On January 5th, 2024, Intel Oregon confirmed the receipt of ASML's first-generation Twinscan EXE:5000 High-NA EUV lithography scanner. Both companies are set to commence the assembly process shortly, and Intel will then begin its High-NA learning curve with the objective of integrating the technology into mass production for their post-18A node.

The original update, dated December 21, 2023, reported that ASML had shipped its pilot High-NA EUV scanner to Intel. The Twinscan EXE:5000 extreme ultraviolet (EUV) scanner is ASML's inaugural High-NA scanner and has been highly anticipated by Intel, dating back to their initial order in 2018. Intel aims to utilize the new machine for High-NA EUV experimentation before deploying the commercial-grade Twinscan EXE:5200 tool for high-volume manufacturing (HVM) around 2025. This development represents a significant industry milestone that will impact not only Intel but also other advanced fabs.

The ASML Twinscan EXE High-NA scanner, destined for Intel's facility near Hillsboro, Oregon, will require substantial logistics due to its colossal size, involving 13 truck-sized containers and 250 crates for transportation. Once assembled, the machine will stand at 3 stories tall, necessitating Intel to construct a new, taller fab expansion to accommodate it. The price tag for each High-NA EUV scanner is estimated to range between $300 million and $400 million.

The introduction of high numerical aperture (High-NA) EUV lithography tools with a 0.55 NA lens capable of an 8nm resolution marks a significant advancement from the current EUV tools with a 13nm resolution.
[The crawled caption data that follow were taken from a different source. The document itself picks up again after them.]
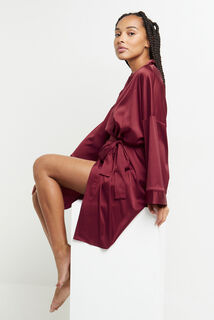 CHIMENE KIMONO SATIN  ROUGE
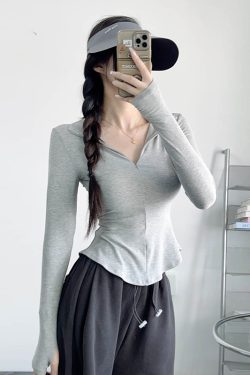 Slim-Fit Bee Waist T-Shirt with Collar and Zipper, Stretchy Solid Color Polo for Casual Versatility, Flattering Belly-Hiding Design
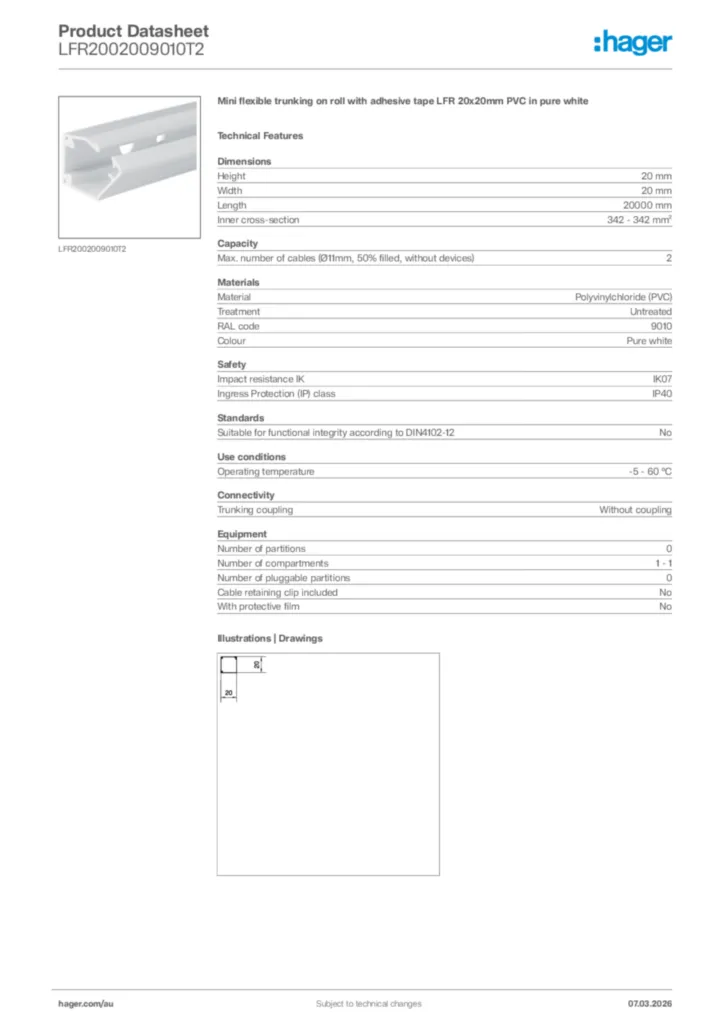 Image Hager Product data sheet LFR2002009010T2  | Hager Australia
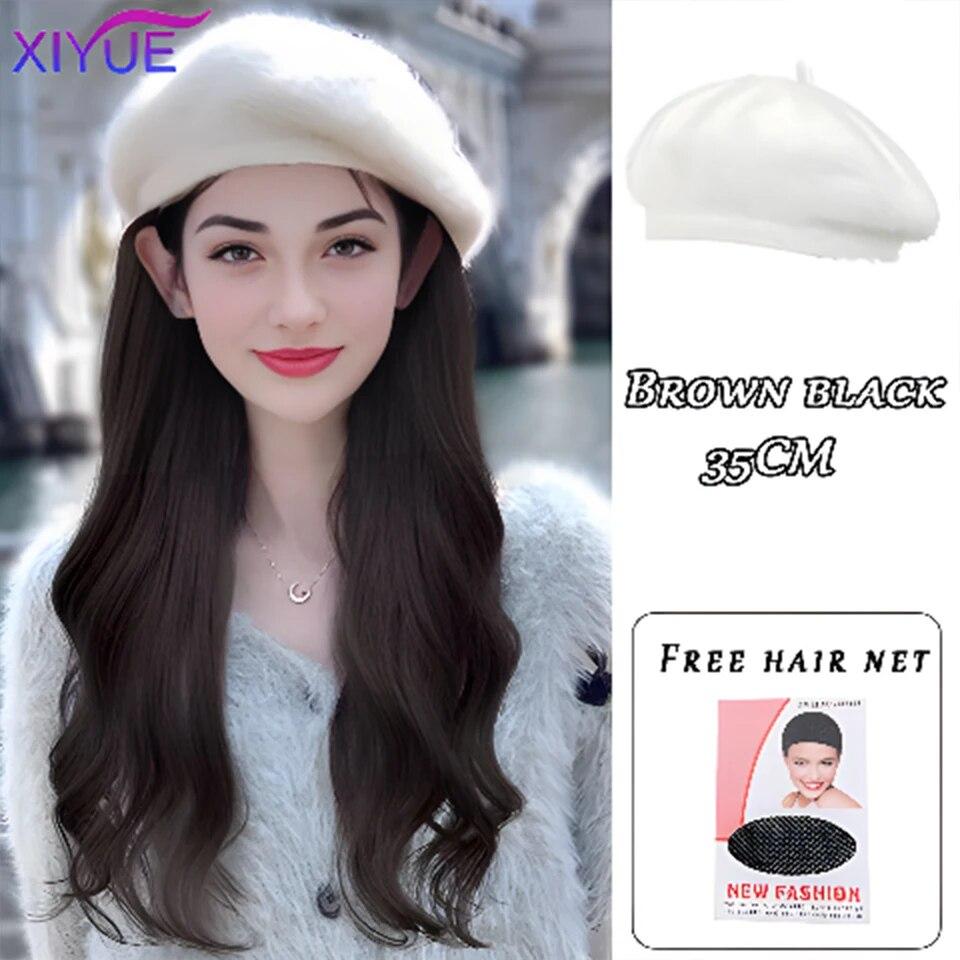 Шляпа, парик, женские длинные волосы, цельный, женская мода, ленивые, слегка вьющиеся волосы, бейсболка, парик, полное покрытие головы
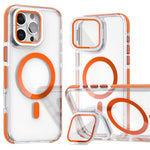 Til iPhone 16 Pro Magnetisk Cover TPU Akryl Gennemsigtigt Telefonbagcover med Linsebeskytter Stander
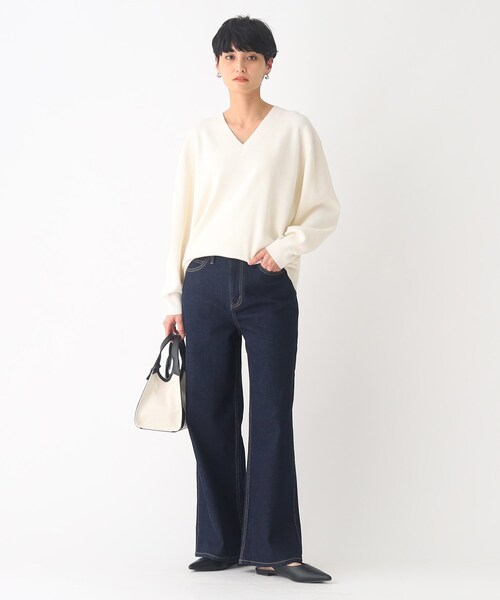 OPAQUE.CLIP（オペークドットクリップ）の「◆オーガニックコットンVネックニットプルオーバー【UVケア/洗える】（ニット/セーター・レディース・ブラック/オフホワイト/ブルー・38/40）」の20枚目の写真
These next-generation High-NA EUV scanners are projected to play a crucial role in chip production using process technologies beyond 3nm, expected to be adopted by the industry in 2025–2026. They offer the potential to eliminate the need for EUV double patterning, thus reducing complexity, possibly enhancing yields, and lowering costs.

The forthcoming ASML's Twinscan EXE lithography tools with a 0.55 NA will entail significant differences compared to the company's regular Twinscan NXE litho machines with a 0.33 NA. Notably, the halved reticle size of the High-NA scanners will necessitate chipmakers to reconsider chip design and production, particularly in the context of challenges posed by high-end GPUs and AI accelerators. Additionally, the adoption of High-NA scanners will require new investments in infrastructure, encompassing photoresists, metrology, pellicle materials, masks, and inspection tools.

Intel's early adoption of High-NA tools positions it to refine and set industry standards for High-NA manufacturing, potentially granting the company a significant advantage over its competitors, Samsung Foundry and TSMC.

ASML's announcement that it will be capable of producing 20 High-NA EUV litho tools per year in 2027–2028, along with the disclosure of a double-digit number of machines in its High-NA backlog, signifies the readiness of industry partners to embrace these scanners, with Intel leading the way.